We would also write this as a total ionic equation as

\[ \rm{Ba^{2+}(aq) + 2Cl^-(aq) + 2Na^+(aq) + 2NO_3^-(aq)}\] \[\rightleftharpoons \rm{Ba(NO_3)_2(s) + 2Na^+(aq) + 2Cl^-(aq)}\]

Or ignoring the spectator ions (sodium and chloride) we would simply write the net ionic equation

\[ \rm{Ba^{2+}(aq) + 2NO_3^-(aq)} \rightleftharpoons \rm{Ba(NO_3)_2(s)}\]

You can see the net ionic reaction in this case is essentially simply the dissolution of barium nitrate but written in reverse. Therefore this "reaction" will only happen at certain concentrations. There are concentrations of Ba²⁺ and NO₃^- at which we would expect to form some solid precipitate, while at other concentrations we would not (since the solid would be completely dissolved under these conditions). We can predict these concentration from the solubility product.

The ion product is not only useful for predicting equilibrium conditions; it is also useful to determine if a system is in or out of equilibrium. We therefore need to distinguish between the ion product itself and its value at equilibrium. At equilibrium the ion product is the solubility product K_sp. However, we can calculate this product for any solution (or any imagined solution). For any given set of conditions we can calculate the ion product and denote it with the letter Q. To note we are looking at solubility it would be given the symbol Q_sp. For example above imagine we used a 0.1M BaCl₂ solution and a 1M Na(NO₃) solution. This would yield a mixture with a concentration of barium ions, [Ba²⁺] = 0.1 M, and the concentration of nitrate ions, [NO₃^-] = 1 M. At these concentrations Ba(NO₃)₂ would we form a precipitate? To answer this question we need to compare the ion product for the given conditions, Q_sp, to that at the equilibrium conditions, K_sp.

If we find

\[ Q_{sp} > K_{sp} \hskip24pt {\rm then\;precipitate\;will\;form}\]

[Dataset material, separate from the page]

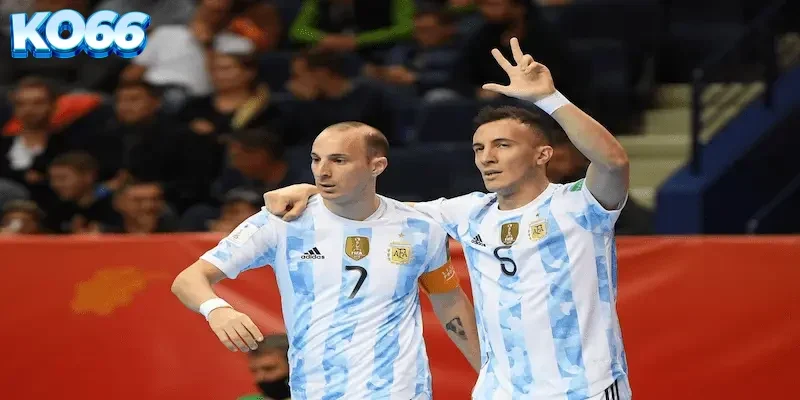 Cận cảnh pha tranh chấp quyết liệt trên mặt sân tiêu chuẩn quốc tế của một giải futsal thế giới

This is because the concentrations in the given solution are higher than we would find at equilibrium. When the concentrations are higher than the equilibrium concentrations, then solid will precipitate until the concentrations are reduced to the equilibrium concentrations. However, if we find

\[ Q_{sp} < K_{sp} \hskip24pt {\rm then\;no\;precipitate\;will\;form}\]

This is because the concentrations are below the equilibrium concentrations. Any solid would dissolve spontaneously at these concentrations. Therefore no solid will form. If we find that

\[ Q_{sp} = K_{sp} \hskip24pt {\rm then\;the\;system\;is\;at\;equilibrium}\]

No solid is precipitate. No more solid can dissolve into this solution. We have formed a saturated solution.

Returning to the Ba(NO₃)₂ solution, does a precipitate form when [Ba²⁺] = 0.1 M and [NO₃^-] = 1 M? We need to compare Q_sp and K_sp.

\[ Q_{sp} =\rm{[Ba^{2+}][NO_3^-]^2} = (0.1)(1)^2 = 0.1.\]

A table of K_sp values shows that K_sp for Ba(NO₃)₂ is 4.6 x 10^-3. Since Q_sp > K_sp a precipitate will form. Note: nitrate salts are general soluble. However, even with soluble salts it is possible to get the concentrations so high that they will precipitate. It all depends on what you have now (Q) vs what you would have at equilibrium (K).

A problem to determine if a precipitate forms

Super-Saturated Solutions

It is possible to increase the concentration beyond this equilibrium point. A solution with a concentration higher than the saturation concentration is called a super-saturated solution. In such a condition the system is no longer at equilibrium and will spontaneously form a solid precipitate since Q_sp > K_sp . However, as the formation of the solid crystals takes time the solution can stay trapped in this super-saturated condition for a long time. Typically it is possible to make a super-saturated solution by first making a saturated solution at higher temperature where the solubility is higher. The solution can then be slowly cooled to a lower temperature where the solubility is lower.